# netgraph experimentation



## schmurfy (May 17, 2010)

Hi,
after some time I think I now have a way to solve my problem (http://forums.freebsd.org/showthread.php?t=13837) so I dived in everything i could find related to netgraph and the ng_bpf node type and I have to say netgraph is really an awesome piece of software 

To tried to apply my recent knowledge to a real case and so set up a bpf filter dropping all icmp packets coming from the outside on one of the interfaces of my freebsd box but it seems there is still something I miss or do not understand as it does not work at all  (I know there are other and simpler way to do that that is not the point here)

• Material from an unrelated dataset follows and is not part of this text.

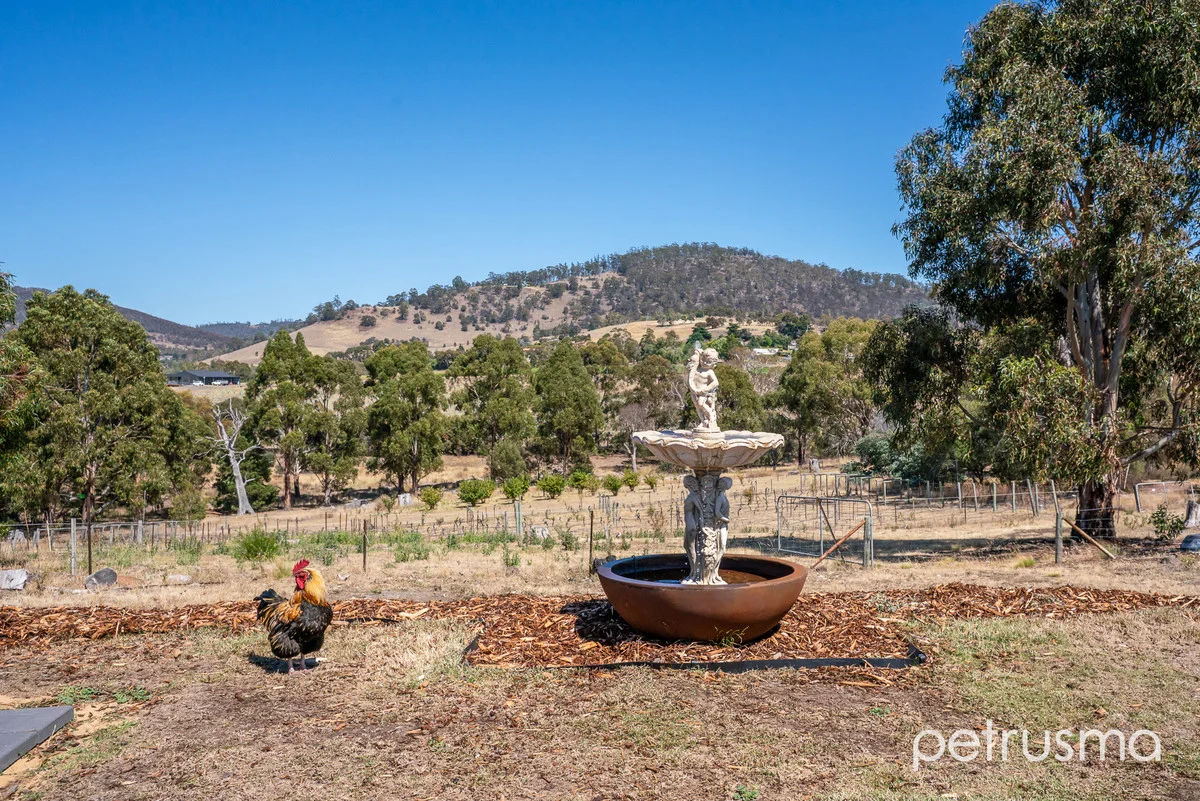 Additional image 32 of 92 Backhouse Lane, Cambridge TAS 7170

Here my current state ($IF is my interface, I have ng_ether, ng_socket and ng_bpf modules loaded):


```
$ ngctl
+ mkpeer $IF: bpf lower input
+ name $IF:lower bpf0
+ connect bpf0: $IF: nomatch upper
```

I used a bash script from the ng_bpf manpage (source at the bottom of this post) to create this line and feed the bpf node following:


```
+ msg bpf0: setprogram { thisHook="input" ifMatch="match" ifNotMatch="nomatch" bpf_prog_len=6 bpf_prog=[ { code=40 jt=0 jf=0 k=12 } { 
code=21 jt=0 jf=3 k=2048 } { code=48 jt=0 jf=0 k=23 } { code=21 jt=0 jf=1 k=1 } { code=6 jt=0 jf=0 k=8192 } { code=6 jt=0 jf=0 k=0 } ] }
```

Now if my understanding of all this is correct I should have every packet entering my box via the $IF interface flow through the $IF:lower hook to the bpf node and then depending on whether it matched the filter or not exit this node on match or nomatch hooks (I tried to connect each to the upper hooks of $IF with no visible change) and then if the packet does no match the bpf filter it should exits through the nomatch hooks connected to the upper hooks of $IF and then be handled by the system as if nothing happened.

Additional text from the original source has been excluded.